Math is the Secret to Big Data

Math Mark

VentureBeat had an article the other day discussing how math is the real secret to unlocking “Big Data“. I agree and in fact would go to agree with the oft quoted notions that math is the universal language and the ultimate truth. It’s hard to argue against a concept if there is a mathematical underpinning of it and particularly if a formal proof has been produced.

The intersection of math and “Big Data” is in the algorithms used to first to explore the data looking for patterns (either as commonalities or as outliers) which come to represent something new we’ve learned about the data- a new insight; and second the algorithms that get developed to take advantage of this new insight. In the ‘old days’, the intuition of domain experts was relied upon to give us direction as to where to look in the data to find these ‘insights’.
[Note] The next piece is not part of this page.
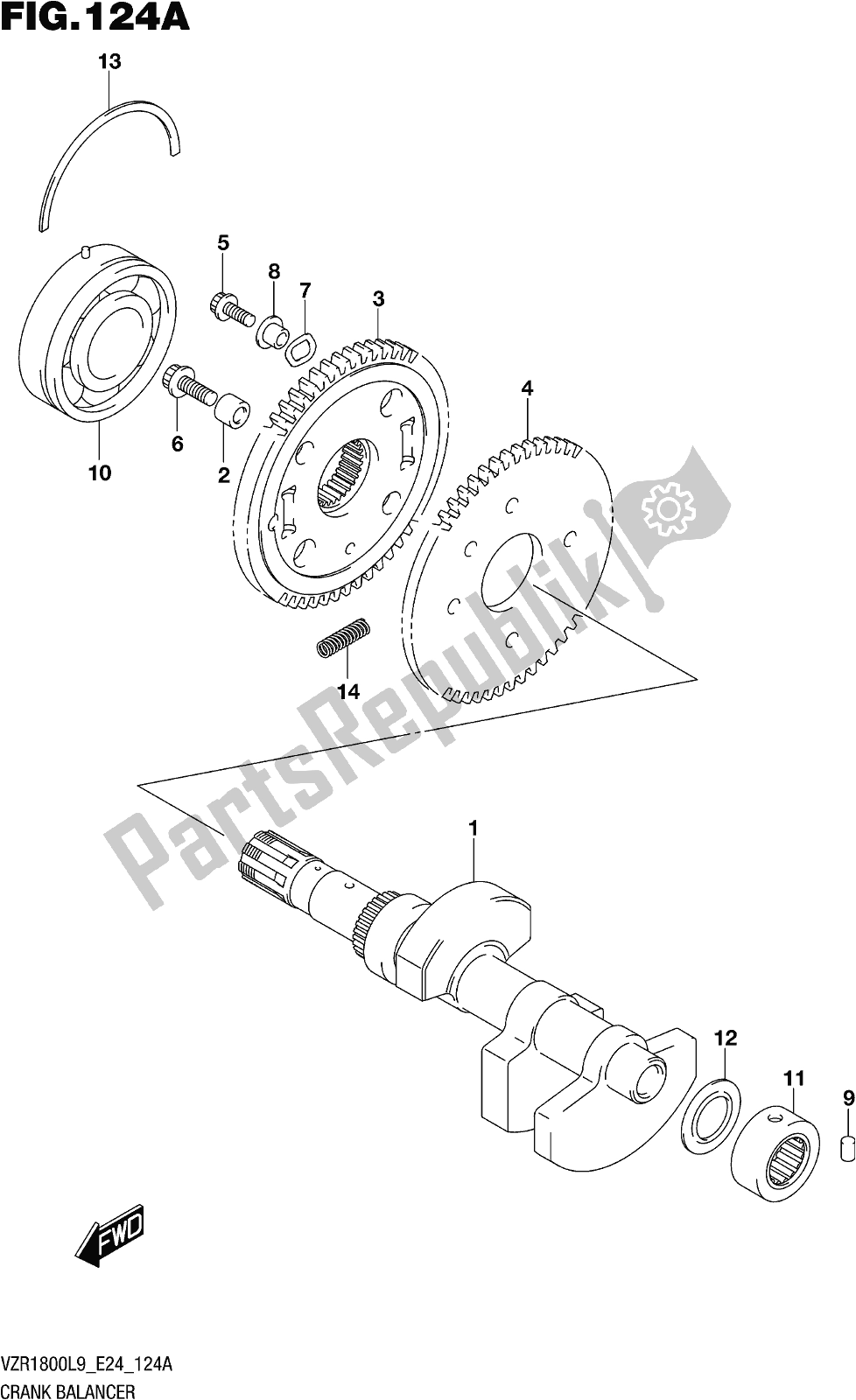 Tutte le parti per il Fig. 124a Crank Balancer del Suzuki VZR 1800 BZ 2019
We’ve always had data, and it has always had the potential to be ‘big’. What’s different today is that we have the ability (physically and financially) to collect that data to the point that its potential to be big is realized and that we have readily accessible to us the technology and tools to process and query these large amounts of data. If we have the appropriate algorithms and appropriately large data sets against which to run these algorithms, the intuition of domain experts is less of a necessity.

The author of the article, Narinder Singh, makes the comment that a well known professor once said to him, “Big data is misnamed in our (academic) world, because data sets have always been big. What is different is that we now have the technology to simply run every scenario. Before, intuition was critical as you could otherwise spend months chasing a concept. Now, set up correctly, we can just run or solve the model like an equation.” I’d like to meet this professor— she sounds to be quite smart.

Dansk: Dedikeret til matematik

Math is the universal language. It crosses all domains. If we have enough of the right data and have leveraged our access to domain expertise appropriately and used math to create algorithms which abstract the problems at hand away from the domain, the available expertise can then be redeployed as we now have a definition of our problem which no longer has a deep reliance on the domain or it’s expertise.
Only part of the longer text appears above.